**EXERCISE OBJECTIVE**
Repeat the material below exactly, line for line.
━━━ AVAILABLE DATA
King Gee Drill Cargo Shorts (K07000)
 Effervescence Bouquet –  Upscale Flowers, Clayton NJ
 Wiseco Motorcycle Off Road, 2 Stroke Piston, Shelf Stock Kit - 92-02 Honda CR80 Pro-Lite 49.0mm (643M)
━━━━━━
**TASK OUTPUT**
King Gee Drill Cargo Shorts (K07000)
 Effervescence Bouquet –  Upscale Flowers, Clayton NJ
 Wiseco Motorcycle Off Road, 2 Stroke Piston, Shelf Stock Kit - 92-02 Honda CR80 Pro-Lite 49.0mm (643M)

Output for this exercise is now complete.